Magia i Miecz
- Publisher: Wydawnictwo MAG (1993–2002) Kuźnia Gier Michał Stachyra (since 2014)
- Country: Poland
- Language: Polish
- Website: magiaimiecz.eu

= Magia i Miecz =

Polish magazine

Magia i Miecz (/pl/; Magic and Sword) was a Polish magazine dedicated to RPG games. It was published in 1993–2002 by Wydawnictwo MAG. It was a precursor of RPG in Poland and was influential in propagating and popularizing RPGs in the state. In 2014 the rights for the name was bought by Kuźnia Gier publisher and the magazine as again available for a few years.

== Years 1993–2002 ==
The founders and first editors of the magazine were people related to Nowa Fantastyka - Jacek Rodek and Darosław j. Toruń. The graphics inside were a responsibility of Jarosław Musiał.

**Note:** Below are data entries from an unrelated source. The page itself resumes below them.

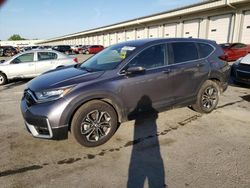 Salvage cars for sale from Copart Louisville, KY: 2021 Honda CR-V EX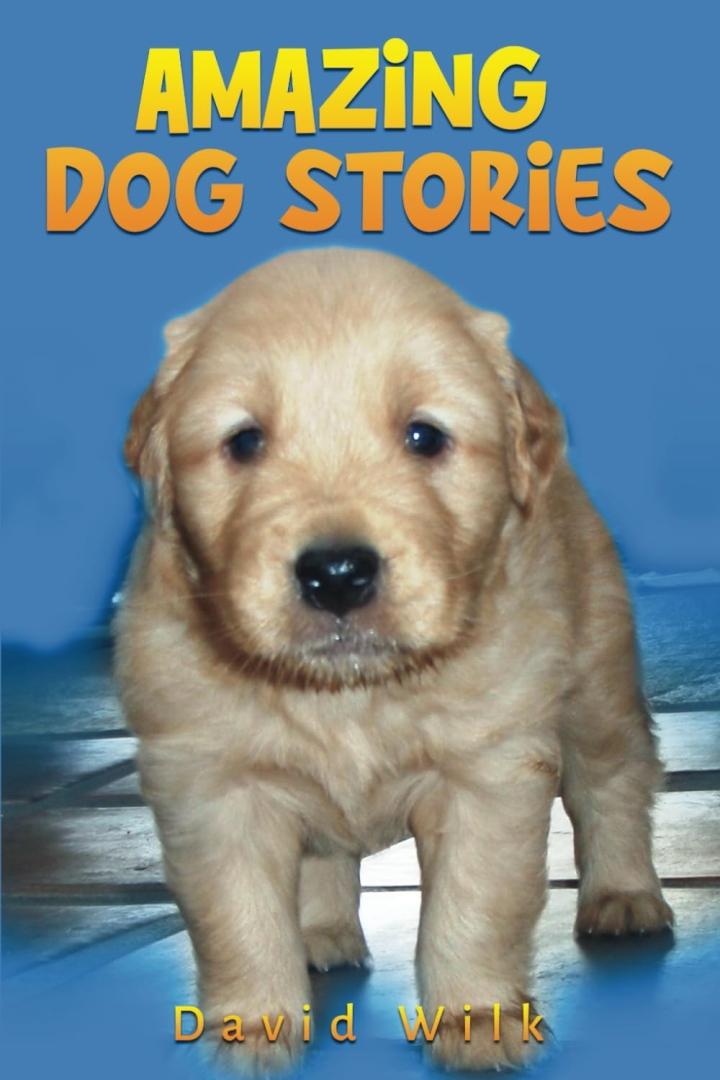 Amazing Dog Stories Celebrates the Unbreakable Bond between Humans and Their Canine Companions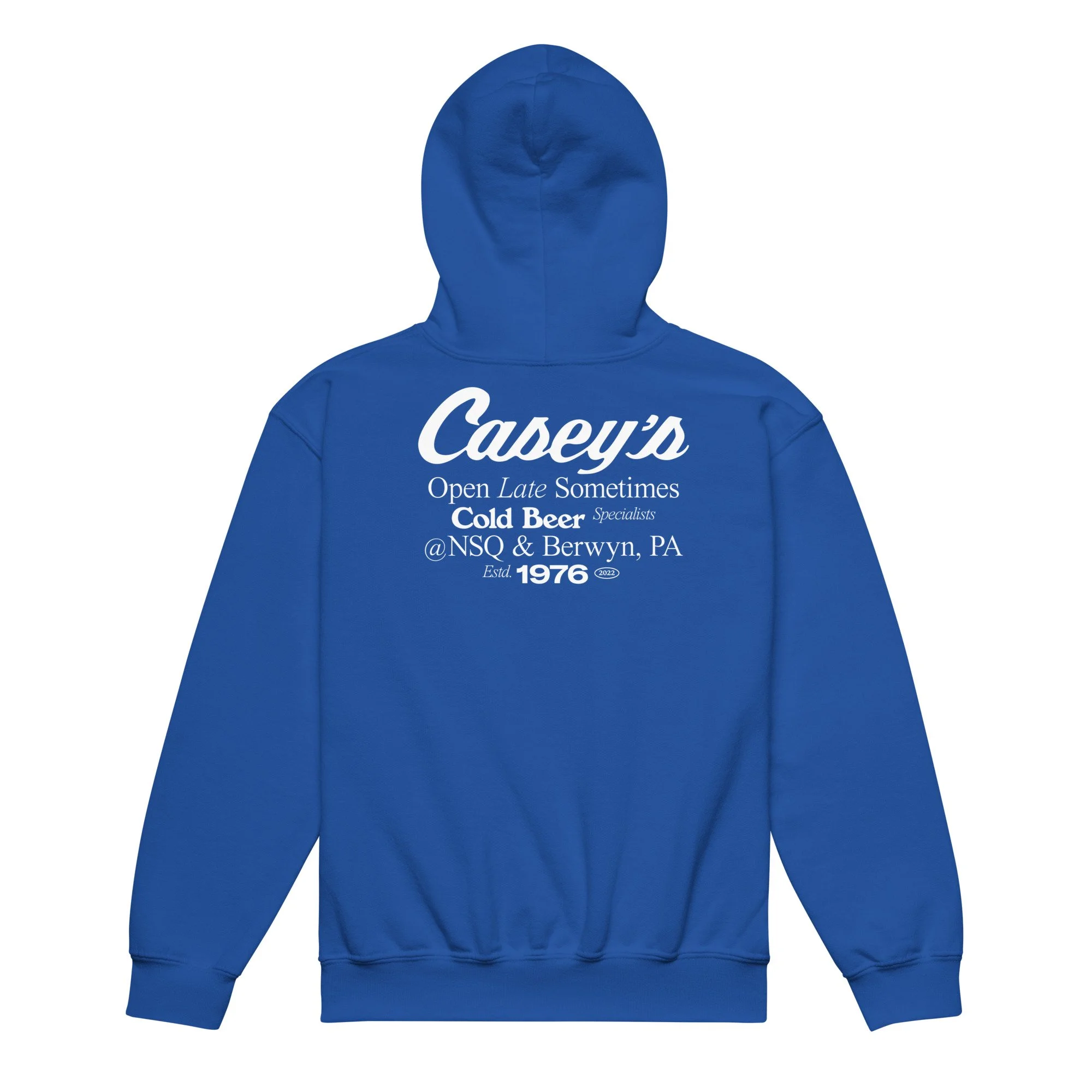 youth-heavy-blend-hoodie-royal-back-66021feb75fc6.jpg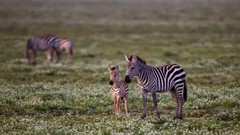 Animals zebras Mammals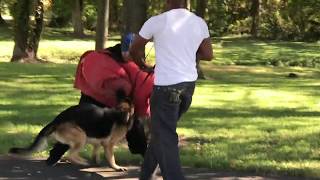 rape/abduction prevention...REAL PROTECTION!!!(prt1)a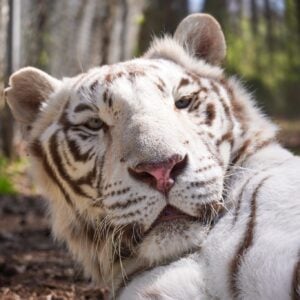 A close-up portrait of a white tiger lying down in dappled sunlight, its head tilted slightly toward the camera with a relaxed, drowsy expression. The tiger has a creamy-white coat with pale brown stripes, blue eyes, a pink nose, and long white whiskers. A wooded background of tree trunks and soft green light is blurred behind it.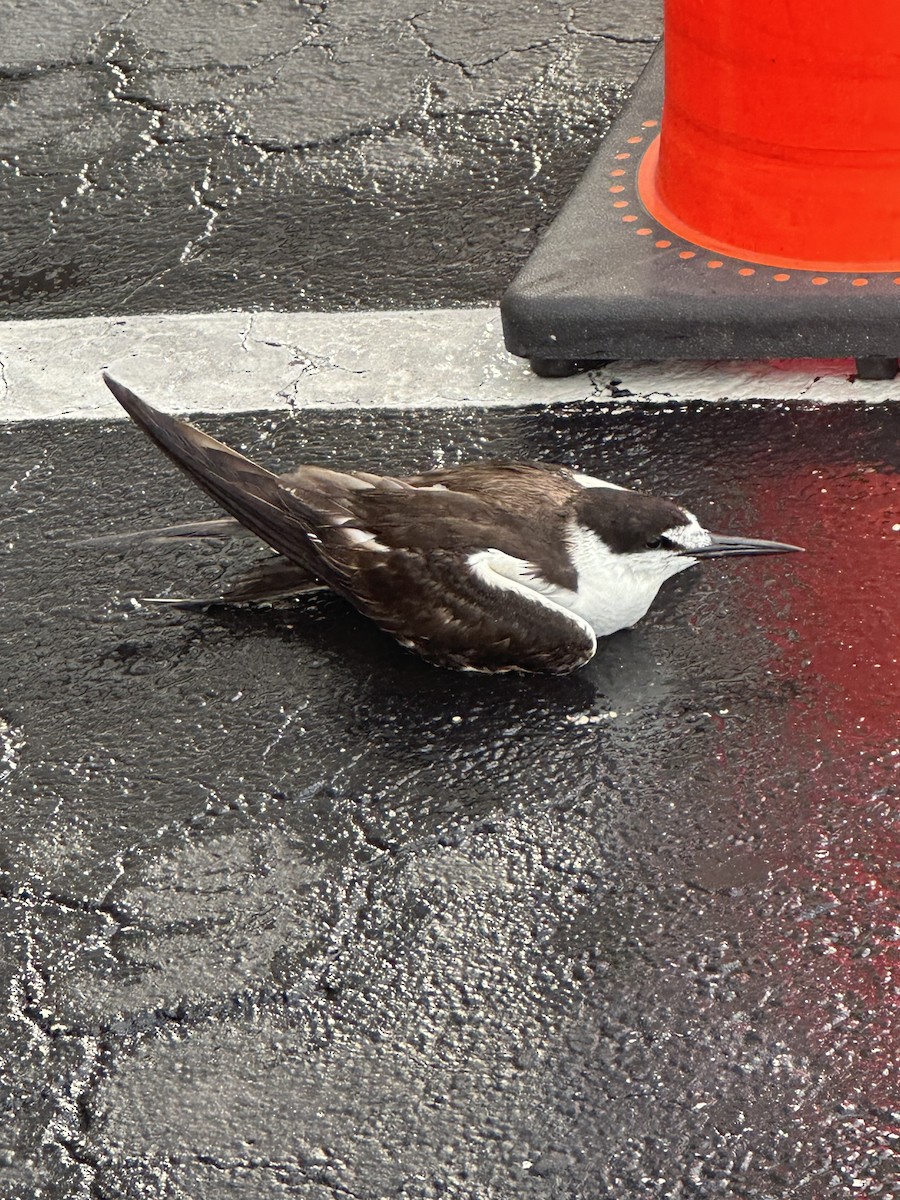 Sooty Tern - ML642964050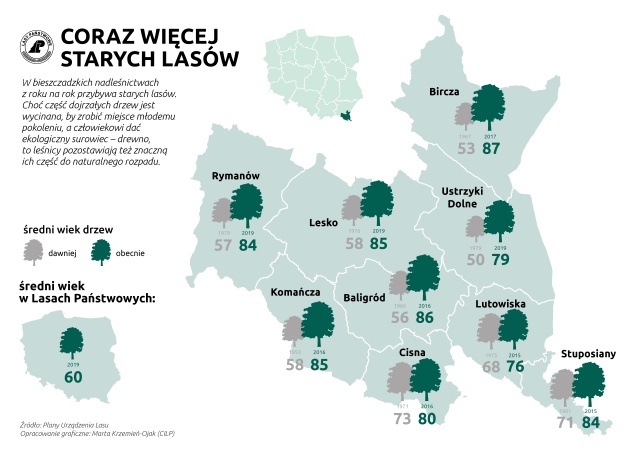 źródło: Regionalna Dyrekcja Lasów Państwowych w Szczecinie Protest przeciwko wycince Puszczy Karpackiej [ZDJĘCIA]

Because of a lack of Polish-language RPG games at the time, the first issues were dedicated to RPG system Kryształy Czasu (pol. Crystals of Time) - unpublished, but popular at the time in the community. It was created by Artur Szyndler.

The focus of the magazine shifted over the years, gradually extending to the news from RPG games market, wargames, collectible card games, LARPs, short stories, reviews of games and books, historical articles and connect loosely related to RPGs. The list of people related to Magia i Miecz includes Artur Szyndler, Andrzej Sapkowski and Tomasz Kołodziejczak, and it featured texts written by Krzysztof Piskorski, Anna Brzezińska, Jacek Komuda, Michał Studniarek, Ignacy Trzewiczek and others.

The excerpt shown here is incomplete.